Architecture
Three loosely-coupled pieces, all sharing types and helpers through a single
workspace package, @gsd/shared:
- Terraform provisions every AWS resource.
- The management app (Nest.js API + React dashboard) is a local control
plane. It reads
terraform.tfstatedirectly to discover what the infra looks like and drives AWS via SDK v3. - Four Lambdas run the always-on control flow: two for Discord, one for DNS, one for the idle watchdog.
There is no persistent ECS service. Game servers only exist while a
RunTask is in flight — Start triggers ecs.runTask, Stop triggers
ecs.stopTask, and the Watchdog Lambda stops tasks that look idle.
Component diagrams
The system splits cleanly into three slices. Each is shown on its own rather than jammed into one overview — the cross-cluster arrows that arise when you draw all three together (Discord Lambdas talking to ECS, EventBridge talking to update-dns, the dashboard talking to everything) route through neighbouring subgraphs and produce unreadable overlap.

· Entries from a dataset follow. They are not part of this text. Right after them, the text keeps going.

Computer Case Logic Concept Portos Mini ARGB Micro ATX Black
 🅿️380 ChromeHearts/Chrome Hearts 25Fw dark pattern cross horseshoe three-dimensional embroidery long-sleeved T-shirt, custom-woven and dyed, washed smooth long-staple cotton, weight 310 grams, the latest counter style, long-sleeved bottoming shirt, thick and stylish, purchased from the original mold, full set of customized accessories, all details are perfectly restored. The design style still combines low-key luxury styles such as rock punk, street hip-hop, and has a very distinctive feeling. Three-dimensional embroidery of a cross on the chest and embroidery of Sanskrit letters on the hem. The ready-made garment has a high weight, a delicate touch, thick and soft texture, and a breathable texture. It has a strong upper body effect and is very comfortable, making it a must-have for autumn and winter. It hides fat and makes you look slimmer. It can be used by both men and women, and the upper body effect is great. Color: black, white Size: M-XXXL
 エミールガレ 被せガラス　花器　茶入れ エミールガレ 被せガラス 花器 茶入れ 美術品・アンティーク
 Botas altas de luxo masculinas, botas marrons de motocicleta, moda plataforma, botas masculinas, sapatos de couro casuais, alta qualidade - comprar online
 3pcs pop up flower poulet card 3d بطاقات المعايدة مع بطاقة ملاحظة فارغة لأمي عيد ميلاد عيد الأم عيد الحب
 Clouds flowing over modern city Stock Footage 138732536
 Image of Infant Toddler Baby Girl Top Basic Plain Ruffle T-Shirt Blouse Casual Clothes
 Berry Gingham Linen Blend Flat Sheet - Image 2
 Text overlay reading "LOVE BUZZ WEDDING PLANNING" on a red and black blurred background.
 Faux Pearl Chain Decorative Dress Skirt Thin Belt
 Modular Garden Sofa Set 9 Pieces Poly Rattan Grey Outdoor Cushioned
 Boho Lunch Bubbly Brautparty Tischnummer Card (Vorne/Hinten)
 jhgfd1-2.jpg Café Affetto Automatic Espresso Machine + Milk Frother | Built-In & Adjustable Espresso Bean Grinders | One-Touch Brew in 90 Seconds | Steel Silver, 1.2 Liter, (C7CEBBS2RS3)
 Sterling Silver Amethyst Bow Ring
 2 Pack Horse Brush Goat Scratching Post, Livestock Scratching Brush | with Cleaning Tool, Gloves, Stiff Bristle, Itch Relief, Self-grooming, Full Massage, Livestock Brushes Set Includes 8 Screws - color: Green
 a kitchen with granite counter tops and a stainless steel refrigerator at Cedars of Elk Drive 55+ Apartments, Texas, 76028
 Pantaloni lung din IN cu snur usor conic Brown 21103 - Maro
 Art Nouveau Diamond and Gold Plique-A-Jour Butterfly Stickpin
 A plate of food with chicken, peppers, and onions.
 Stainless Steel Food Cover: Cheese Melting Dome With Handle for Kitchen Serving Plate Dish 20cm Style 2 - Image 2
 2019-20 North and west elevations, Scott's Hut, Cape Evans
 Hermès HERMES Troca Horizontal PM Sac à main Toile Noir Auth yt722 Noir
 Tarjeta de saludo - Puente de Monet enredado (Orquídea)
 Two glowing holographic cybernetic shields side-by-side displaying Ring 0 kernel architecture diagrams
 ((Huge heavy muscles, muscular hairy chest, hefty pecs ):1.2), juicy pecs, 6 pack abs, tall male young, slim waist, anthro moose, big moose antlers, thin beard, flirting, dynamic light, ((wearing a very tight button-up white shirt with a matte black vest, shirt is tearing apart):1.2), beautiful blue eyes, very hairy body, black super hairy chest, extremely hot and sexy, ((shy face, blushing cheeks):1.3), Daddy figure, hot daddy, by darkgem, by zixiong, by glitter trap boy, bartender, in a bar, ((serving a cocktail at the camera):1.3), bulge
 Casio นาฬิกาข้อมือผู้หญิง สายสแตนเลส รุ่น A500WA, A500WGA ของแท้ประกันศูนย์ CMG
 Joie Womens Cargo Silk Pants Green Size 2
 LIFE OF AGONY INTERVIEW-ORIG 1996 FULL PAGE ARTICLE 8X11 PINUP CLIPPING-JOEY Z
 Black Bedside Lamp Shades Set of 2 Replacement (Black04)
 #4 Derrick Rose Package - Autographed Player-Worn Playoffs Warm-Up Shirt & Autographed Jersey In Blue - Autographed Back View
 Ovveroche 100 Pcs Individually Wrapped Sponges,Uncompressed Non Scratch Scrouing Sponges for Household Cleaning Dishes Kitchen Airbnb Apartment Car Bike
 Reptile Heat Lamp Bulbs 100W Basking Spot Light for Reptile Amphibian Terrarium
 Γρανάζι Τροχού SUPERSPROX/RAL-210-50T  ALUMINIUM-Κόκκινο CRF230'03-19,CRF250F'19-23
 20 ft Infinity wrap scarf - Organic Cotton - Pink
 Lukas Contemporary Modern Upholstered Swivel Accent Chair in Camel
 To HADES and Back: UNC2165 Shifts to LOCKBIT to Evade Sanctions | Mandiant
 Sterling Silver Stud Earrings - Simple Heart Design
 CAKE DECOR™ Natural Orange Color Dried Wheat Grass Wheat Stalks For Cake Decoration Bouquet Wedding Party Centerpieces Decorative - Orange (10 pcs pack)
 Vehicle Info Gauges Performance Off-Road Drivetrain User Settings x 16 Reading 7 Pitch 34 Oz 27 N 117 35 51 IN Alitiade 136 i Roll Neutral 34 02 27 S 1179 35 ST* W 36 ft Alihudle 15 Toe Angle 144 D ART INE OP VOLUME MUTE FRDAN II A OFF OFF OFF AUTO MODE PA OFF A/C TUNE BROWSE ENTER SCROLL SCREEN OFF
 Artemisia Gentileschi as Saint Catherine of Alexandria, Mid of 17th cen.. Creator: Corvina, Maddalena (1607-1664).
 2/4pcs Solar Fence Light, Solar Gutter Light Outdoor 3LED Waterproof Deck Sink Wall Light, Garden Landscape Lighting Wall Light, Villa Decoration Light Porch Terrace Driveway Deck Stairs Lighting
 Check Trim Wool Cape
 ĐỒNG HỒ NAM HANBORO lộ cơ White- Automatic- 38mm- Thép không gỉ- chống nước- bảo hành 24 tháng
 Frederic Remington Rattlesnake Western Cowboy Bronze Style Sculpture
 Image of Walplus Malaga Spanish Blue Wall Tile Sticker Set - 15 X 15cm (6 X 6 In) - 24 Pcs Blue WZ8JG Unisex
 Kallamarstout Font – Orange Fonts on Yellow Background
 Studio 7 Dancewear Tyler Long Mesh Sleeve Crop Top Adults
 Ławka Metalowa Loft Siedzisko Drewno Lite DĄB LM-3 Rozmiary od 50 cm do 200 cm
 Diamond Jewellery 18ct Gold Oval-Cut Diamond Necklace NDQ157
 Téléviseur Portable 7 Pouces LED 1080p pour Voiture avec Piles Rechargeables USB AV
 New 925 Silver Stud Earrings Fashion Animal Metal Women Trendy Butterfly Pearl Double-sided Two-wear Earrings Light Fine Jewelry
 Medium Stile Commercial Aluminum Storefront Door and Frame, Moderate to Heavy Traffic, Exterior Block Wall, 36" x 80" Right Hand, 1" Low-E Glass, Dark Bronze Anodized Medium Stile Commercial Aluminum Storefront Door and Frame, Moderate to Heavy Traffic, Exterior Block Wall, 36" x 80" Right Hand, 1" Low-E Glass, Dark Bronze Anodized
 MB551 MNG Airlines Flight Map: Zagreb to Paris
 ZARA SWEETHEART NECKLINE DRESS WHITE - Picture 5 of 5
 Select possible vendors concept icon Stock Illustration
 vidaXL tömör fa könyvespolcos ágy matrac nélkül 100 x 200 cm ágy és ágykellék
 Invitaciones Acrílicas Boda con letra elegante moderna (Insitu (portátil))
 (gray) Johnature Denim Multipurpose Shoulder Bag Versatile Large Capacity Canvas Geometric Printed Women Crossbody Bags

Game plane and operator control
The Nest.js API is the local control plane. It reads
terraform.tfstate directly to discover infrastructure IDs, then drives
ECS / DynamoDB / Secrets Manager / CloudWatch via SDK v3. Players reach
the game either direct to the task's public IP (UDP / TCP games) or
through the ALB (HTTPS games).
Serverless Discord bot
Two Lambdas and a single DynamoDB table handle every slash command.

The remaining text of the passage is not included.